Your goal.
Please repeat exactly the lines from the one containing "Éventail Giraffe avec" through the last line of the records, both included, and nothing else, leaving out any pictures.

Data under study.
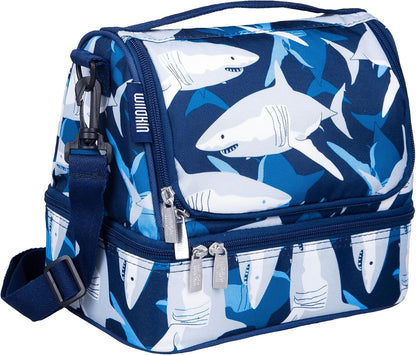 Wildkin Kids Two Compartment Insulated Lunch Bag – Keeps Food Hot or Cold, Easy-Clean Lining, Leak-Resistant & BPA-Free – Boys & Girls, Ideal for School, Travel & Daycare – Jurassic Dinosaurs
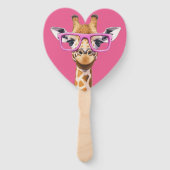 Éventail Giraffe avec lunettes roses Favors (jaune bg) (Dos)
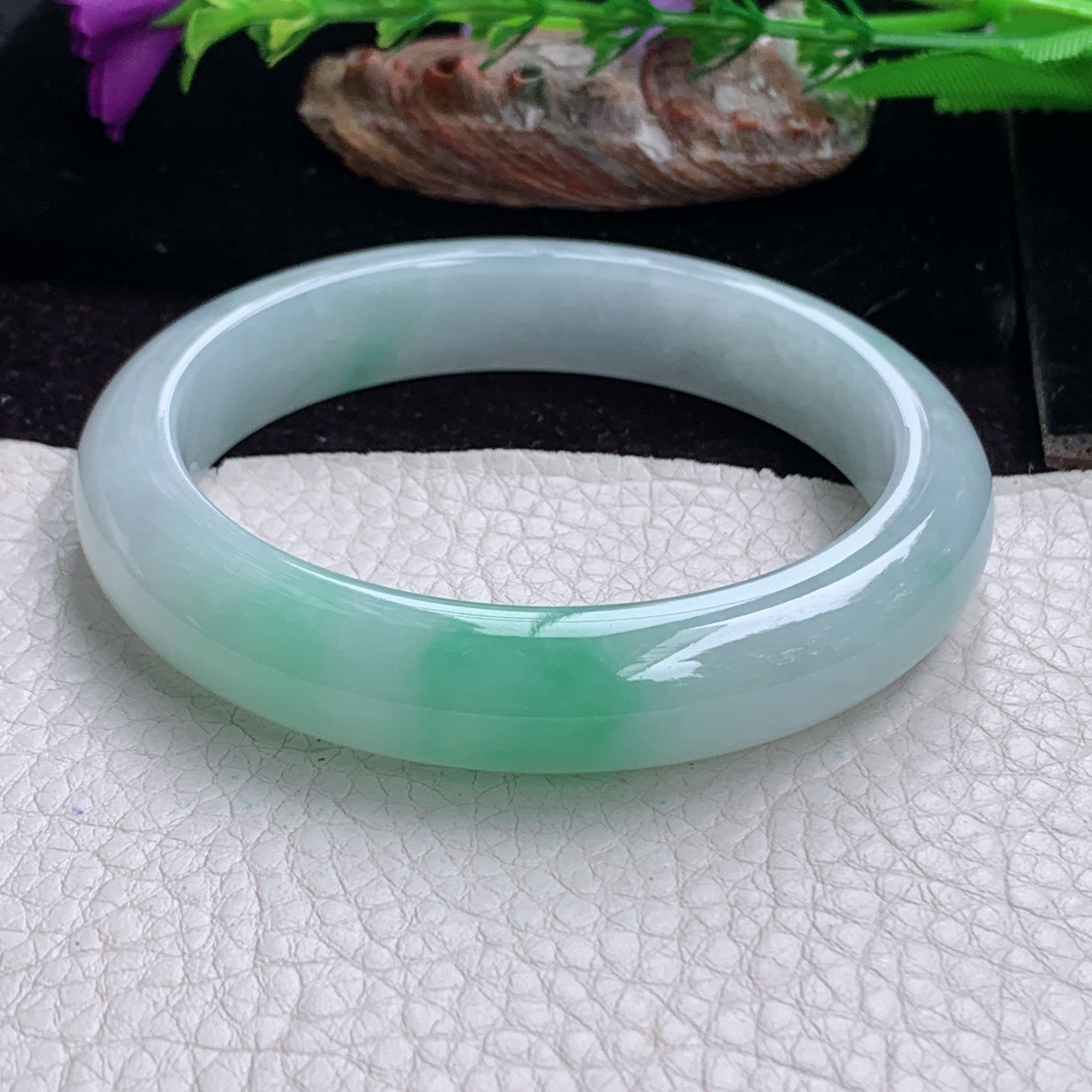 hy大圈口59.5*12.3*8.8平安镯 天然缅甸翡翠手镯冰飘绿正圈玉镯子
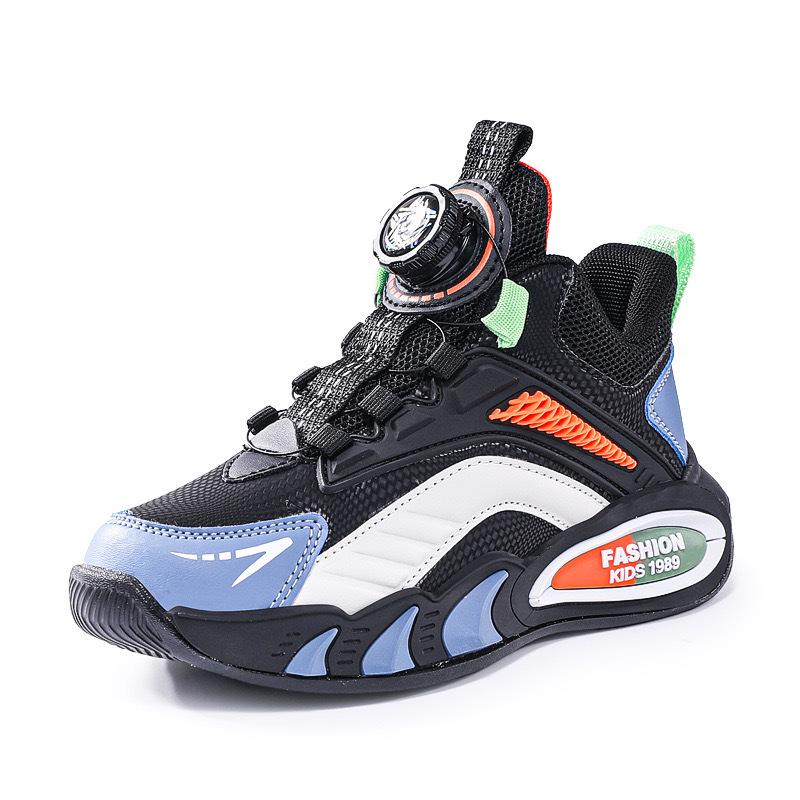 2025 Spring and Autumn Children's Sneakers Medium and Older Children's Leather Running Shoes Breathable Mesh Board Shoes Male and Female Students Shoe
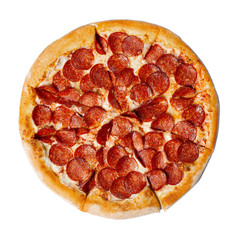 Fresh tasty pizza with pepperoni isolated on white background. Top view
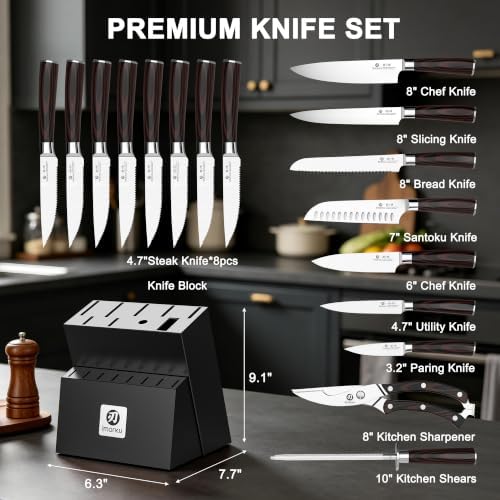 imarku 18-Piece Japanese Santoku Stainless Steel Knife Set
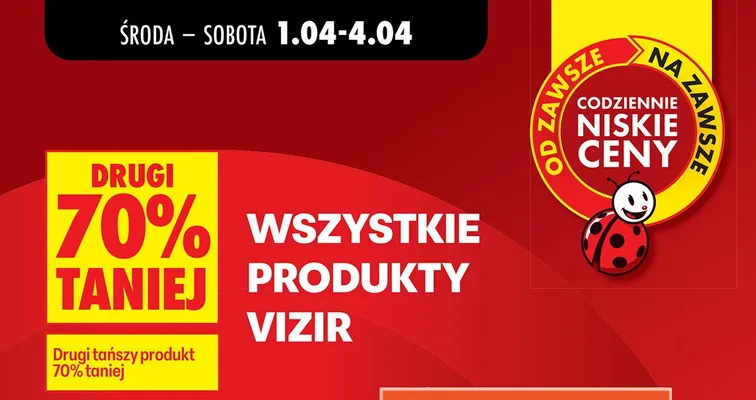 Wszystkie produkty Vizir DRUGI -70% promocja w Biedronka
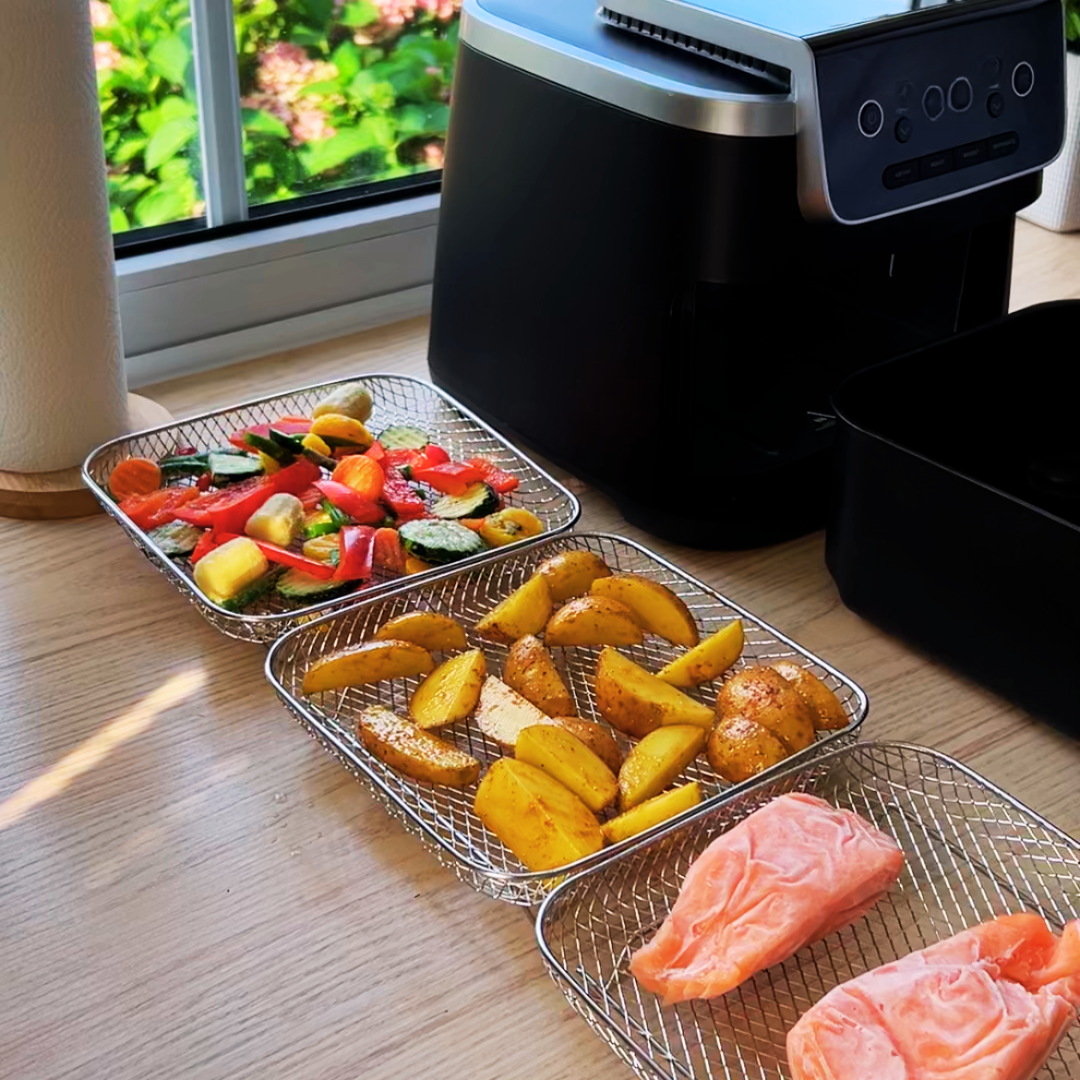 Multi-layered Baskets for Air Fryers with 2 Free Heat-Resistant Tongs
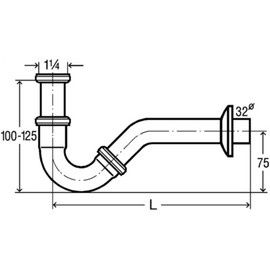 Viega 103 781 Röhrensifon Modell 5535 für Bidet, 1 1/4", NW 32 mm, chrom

Expected output.
 Éventail Giraffe avec lunettes roses Favors (jaune bg) (Dos)
 hy大圈口59.5*12.3*8.8平安镯 天然缅甸翡翠手镯冰飘绿正圈玉镯子
 2025 Spring and Autumn Children's Sneakers Medium and Older Children's Leather Running Shoes Breathable Mesh Board Shoes Male and Female Students Shoe
 Fresh tasty pizza with pepperoni isolated on white background. Top view
 imarku 18-Piece Japanese Santoku Stainless Steel Knife Set
 Wszystkie produkty Vizir DRUGI -70% promocja w Biedronka
 Multi-layered Baskets for Air Fryers with 2 Free Heat-Resistant Tongs
 Viega 103 781 Röhrensifon Modell 5535 für Bidet, 1 1/4", NW 32 mm, chrom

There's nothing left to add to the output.